# Plugin to export waypoints from georeferenced photos?



## rob211 (May 14, 2015)

I know that ExifTool can *extract* GPS information from a geolocated image and write it to a .gpx or .kml file. IOW, export a waypoint from an image or a route from a series of images.

Is there a plugin for Lr than does this? I suppose I could use the plugin for running ExifTool, but since my ExifTool expertise is rather limited, I thought perhaps someone had produced something similar, or something that could export a track from a series of images.


----------



## johnbeardy (May 14, 2015)

Not that I know of. Technically it's not that difficult.


----------



## rob211 (May 14, 2015)

Yeah, I'll try using your plugin I'm demo'ing to do it. The track construction is a tougher nut, but somebody somewhere has probably done it, or I could use one of my nav apps to just construct it out of a set of waypoints. Thanks


----------



## johnbeardy (May 14, 2015)

My plugin? The Capture Time to Exif one won't help - though it might help you develop more Exiftools skills.

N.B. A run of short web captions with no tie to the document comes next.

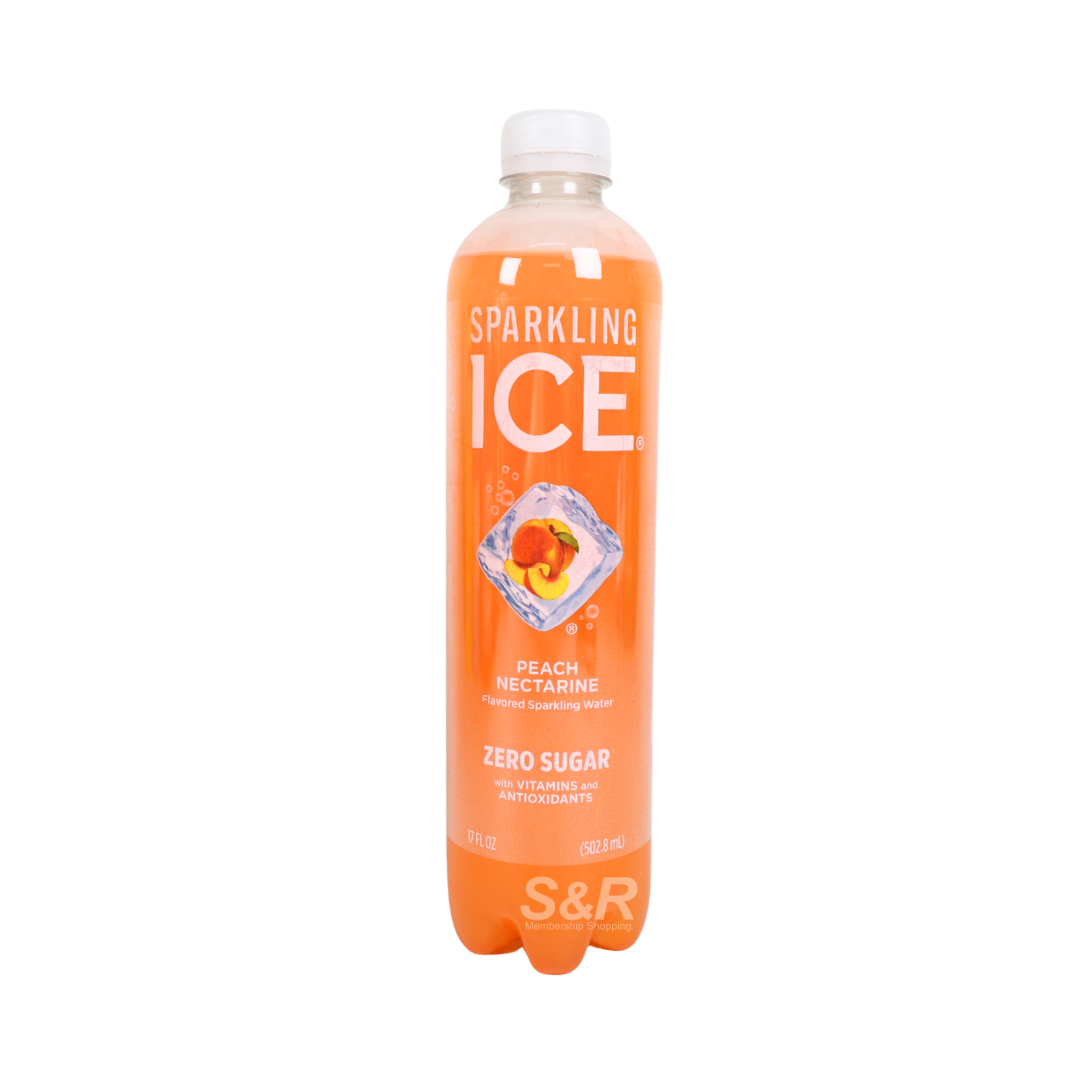 Sparkling Ice Peach Nectarine Sparkling Water 502.8mL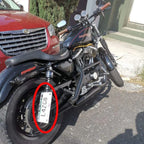 Metal Side Mount License Plate Holder Tail Light Bracket for Motorcycle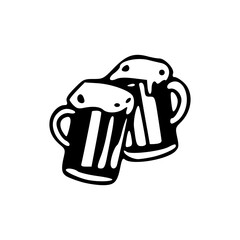 cheers beer mugs clipart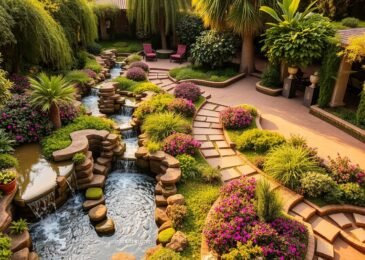 Outdoor garden landscaping
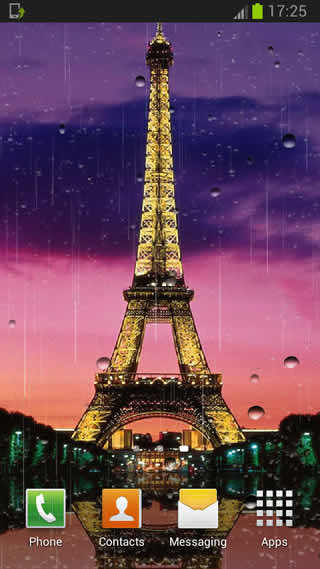 Rainy Paris Live Wallpaper screenshot 2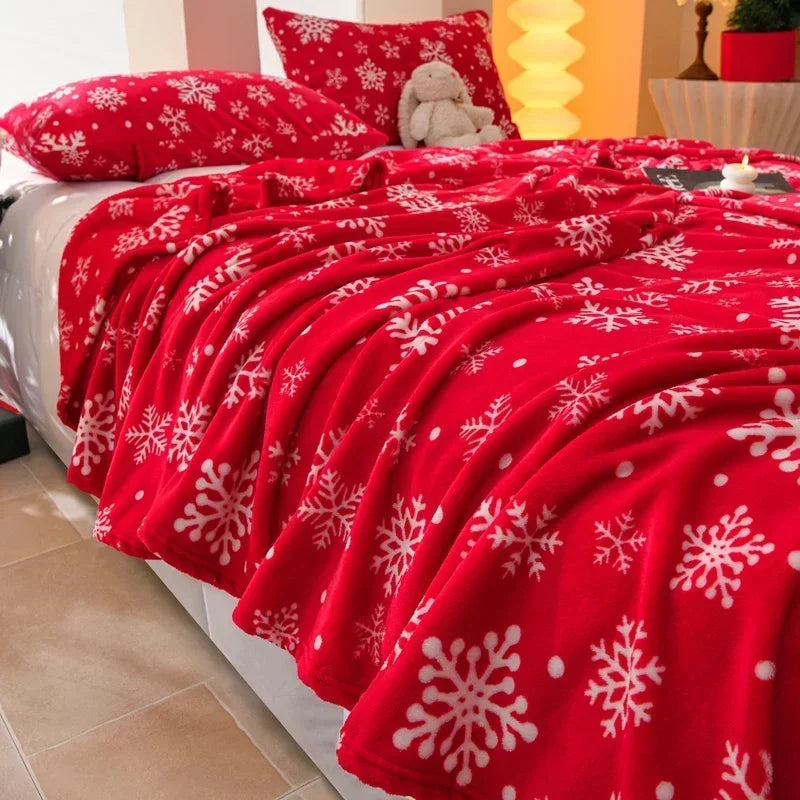 Christmas Flannel Throw Blanket in Various Sizes and Prints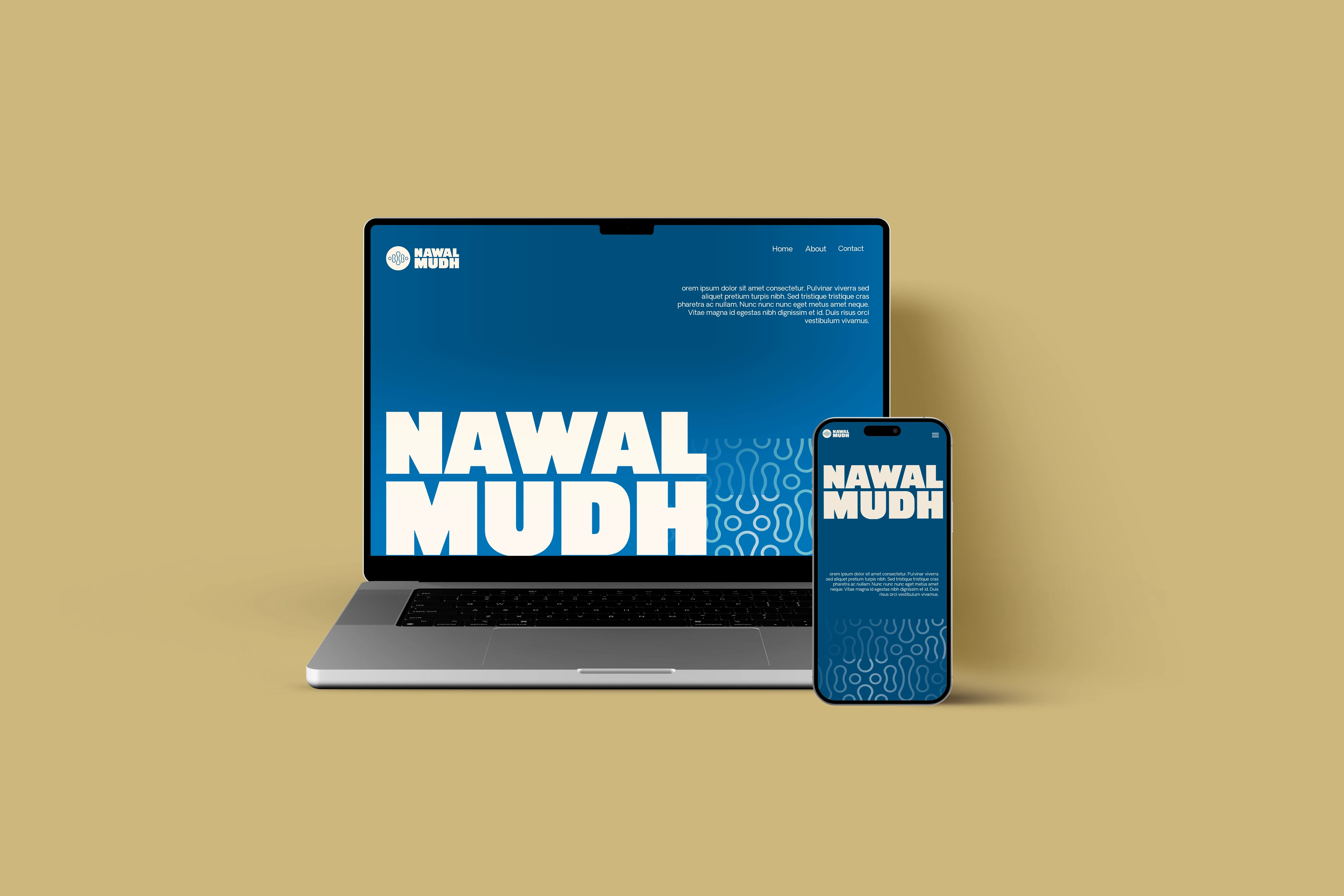 Nawal Mudh Website mockups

I wouldn't be surprised if someone has done something, though I've never seen anyone doing anything like that. LR certainly exposes the GPS data to the SDK (API) which has a good XML generating capability, and I recently did some work on importing KML and GPX tracklogs into LR, so if I had a few hours I could probably knock something together. If I had a few hours though....

John


----------



## rob211 (May 14, 2015)

It will be a good exercise in learning exiftool for me. I haven't figured out if there's a standard way to reference a photo in a waypoint either, although I can see where a URL could be added. I think the geocache people use photo waypoints in one form or another, maybe through KML though. I'll check around.


----------



## johnbeardy (May 15, 2015)

OK, it didn't take me as long as I feared, and I learnt a couple of tricks too.

So the following code creates a GPX file on your desktop called selections.gpx with trackpoints for each selected photo which has GPS data (ignoring those with no GPS). The big question is whether the GPX file can be parsed by whatever you're using to read it, and while I tested it by reading it back into LR Map, it'll probably need the odd tweak.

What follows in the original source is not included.